▶ [WORK REQUEST] Keep every word the same. Repeat the records without their images.
.....
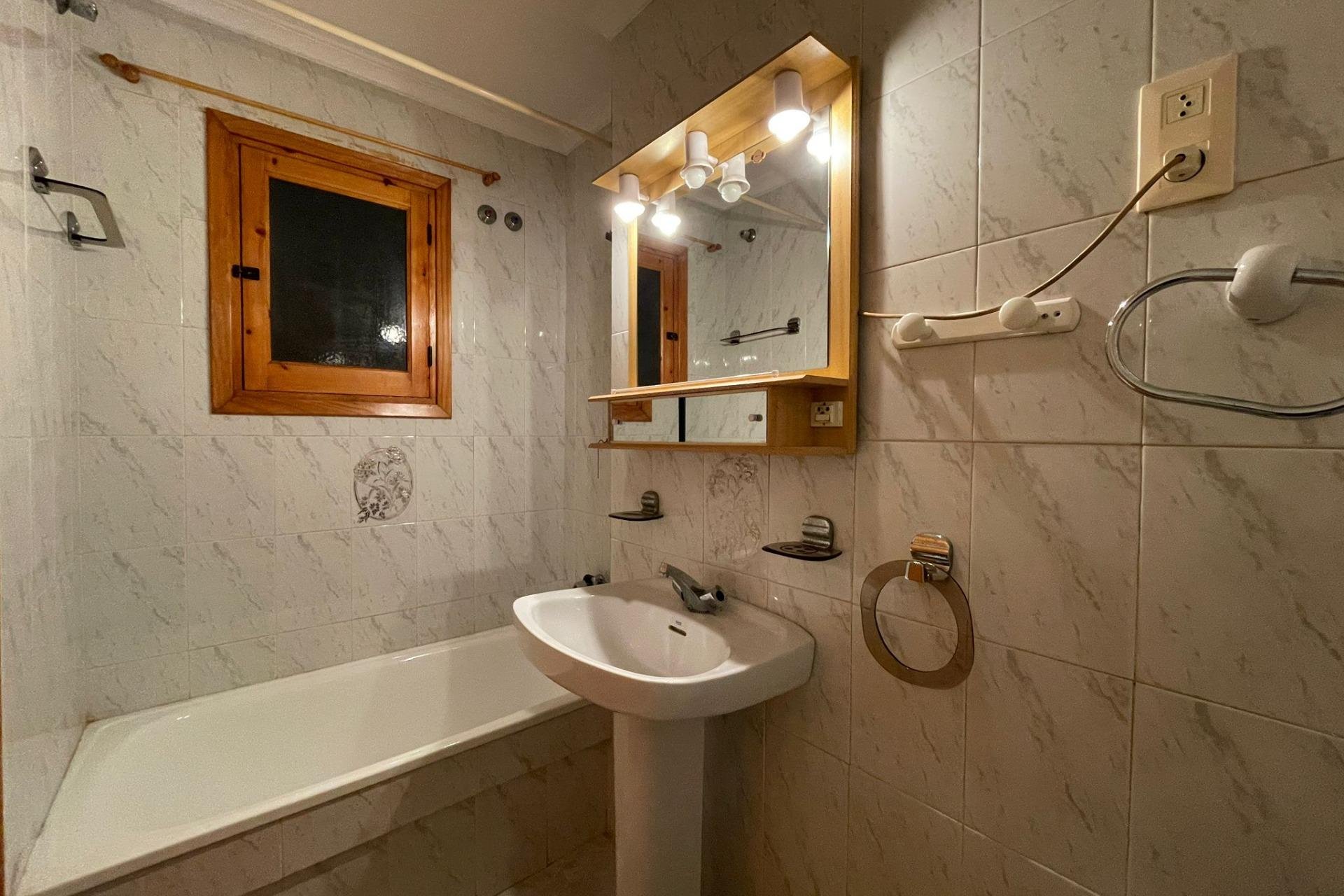 Reventa - Apartment -
Torrevieja - Estacion de autobuses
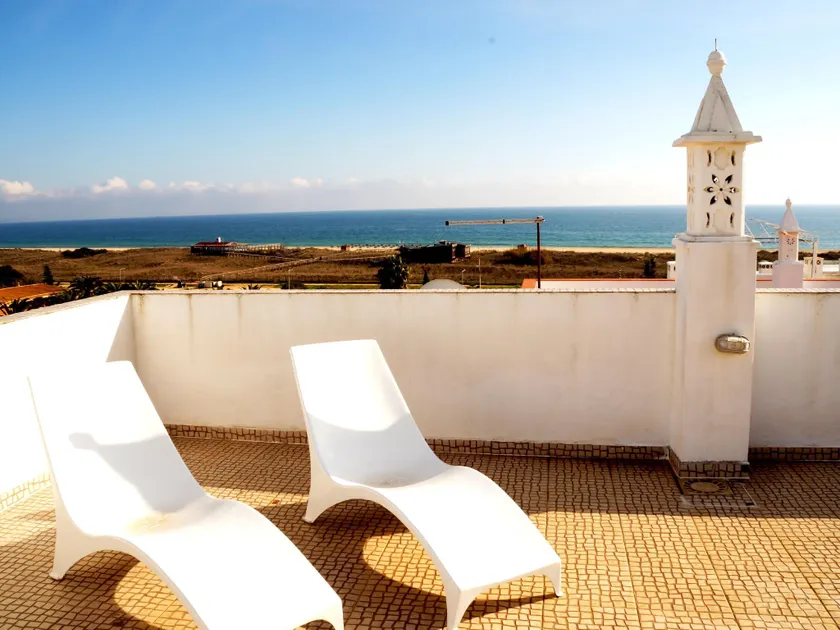 Pine Villa Meia Praia - Image 1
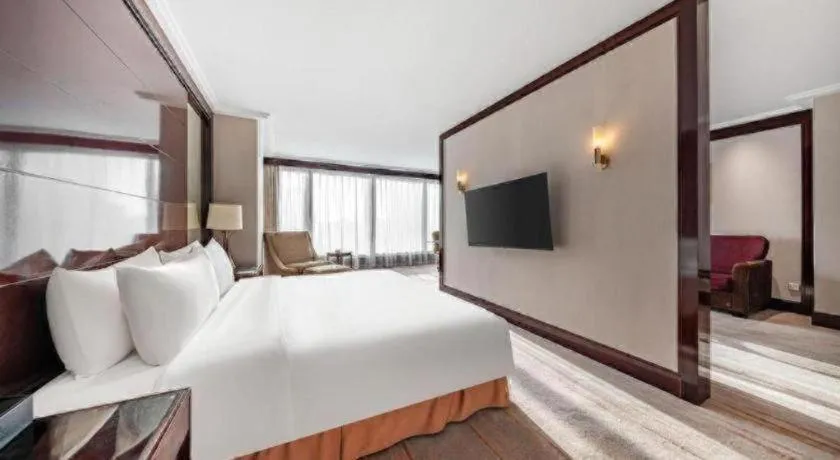 Bed in Golden Eagle Summit Hotel Downtown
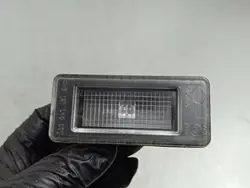 Luz de matrícula Nissan X-Trail T33 OEM V27131X
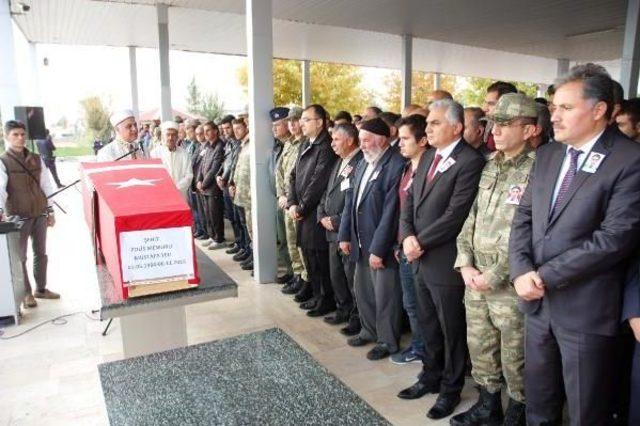 Şehit Oğlunu Polis Selamıyla Karşıladı (3)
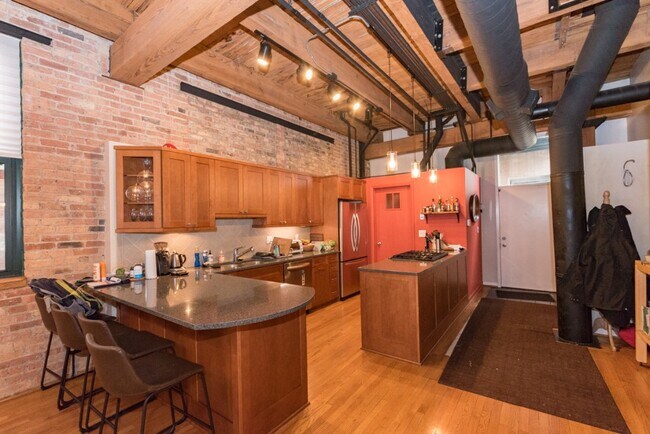 Photo - 1737 N Paulina St Unit 306
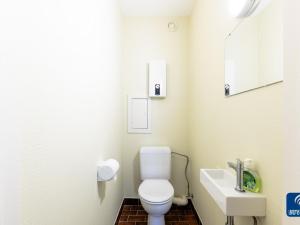 Ένα μπάνιο στο Apartment in De Haan near the Beach +32 φωτογραφίες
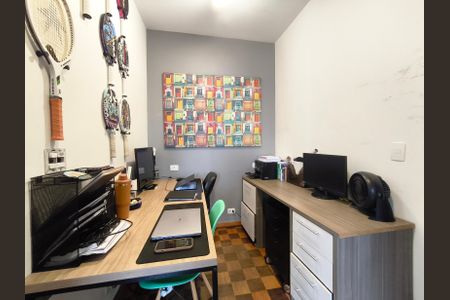 Casa à venda com 234m², 3 quartos e 2 vagas Casa à venda com 234m², 3 quartos e 2 vagasEscritório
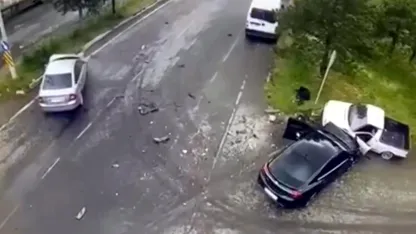 Tamir ettiği kamyonetine otomobil çarptı; araç ile direk arasına sıkışıp ağır yaralandı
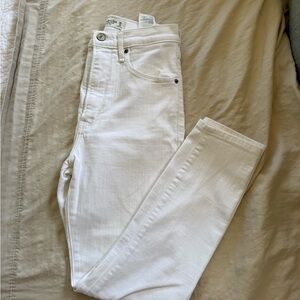 NEW Women’s White Jeans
.....
▶ [RESULT]
 Reventa - Apartment -
Torrevieja - Estacion de autobuses
 Pine Villa Meia Praia - Image 1
 Bed in Golden Eagle Summit Hotel Downtown
 Luz de matrícula Nissan X-Trail T33 OEM V27131X
 Şehit Oğlunu Polis Selamıyla Karşıladı (3)
 Photo - 1737 N Paulina St Unit 306
 Ένα μπάνιο στο Apartment in De Haan near the Beach +32 φωτογραφίες
 Casa à venda com 234m², 3 quartos e 2 vagas Casa à venda com 234m², 3 quartos e 2 vagasEscritório
 Tamir ettiği kamyonetine otomobil çarptı; araç ile direk arasına sıkışıp ağır yaralandı
 NEW Women’s White Jeans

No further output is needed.